# Schnurstopper wie montieren ?



## Lorien (3. April 2004)

Hallo zusammen 

ich habe mir Schnurstopper gekauft da ich Spiro fischen möchte und den Knoten vorm Spirolino schützen.

Jetzt hab ich so ein Schnurstopper Set gekauft. Da ist so ein rundes Teil aus Plastik daran sind drei Bünde aus Silch festgebunden auf denen je 5 Gummiperlen drauf sind.
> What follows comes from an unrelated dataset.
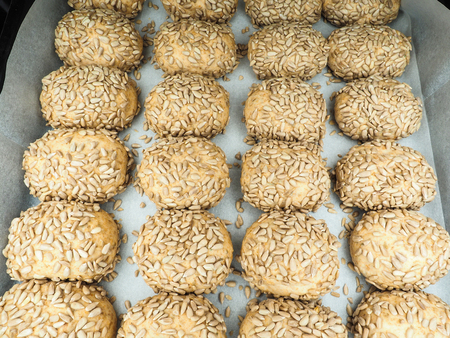 Closeup of freshly made sunflower seed buns on a waxed paper tray at close-upの写真素材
Nun frage ich mich wie bringe ich die auf meine Hauptschnur ?

Blick da echt nicht durch wie ich die da drauf bringen soll.
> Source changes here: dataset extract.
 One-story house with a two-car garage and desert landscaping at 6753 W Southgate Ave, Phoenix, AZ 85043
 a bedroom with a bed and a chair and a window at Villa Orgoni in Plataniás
Hoffe es kann mir da einer helfen wie man das machen muss.

Grüsse
Lorien


----------



## Steffen23769 (3. April 2004)

*AW: Schnurstopper wie montieren ?*

Hi Lorien,
die Hauptschnur wird durch die überstehende Drahtschlinge gezogen, so das quasi Schlinge in Schlinge entsteht, dann wird der Sikliokonstopper von der Drahtschlinge auf die Schnurschlinge gezogen, danach kannst dann Deinen Knoten machen und den Worbel oder was weiß ich noch alles einschlaufen um dann das Vorfach einzuhängen...


----------



## anglermeister17 (3. April 2004)

*AW: Schnurstopper wie montieren ?*

Normalerweise wird beim Angeln mit SBIRO nie ein Schnurstopper benutzt, bei den meisten anglern wird der Knoten durch eine einfache Gummiperle geschützt, die frei auf der Schnur läuft, wie der Sbirolino auch!
KEEP ON FISHING!!!


----------



## sebastian (3. April 2004)

*AW: Schnurstopper wie montieren ?*

Hauptschnur durch die shclaufe und stopper einfach rüberziehen.
Einfach gesagt mit Bild


----------



## Nick_A (5. April 2004)

*AW: Schnurstopper wie montieren ?*

Hi sebastian #h

da hast Du aber ein sehr schönes Bild drangehängt !!!  :m

Grüssle #h
Robert


----------



## M4sterOfDes4ster (21. Juni 2015)

*AW: Schnurstopper wie montieren ?*



sebastian schrieb:


> Einfach gesagt mit Bild



Sehr hübsches Bild  |rolleyes


----------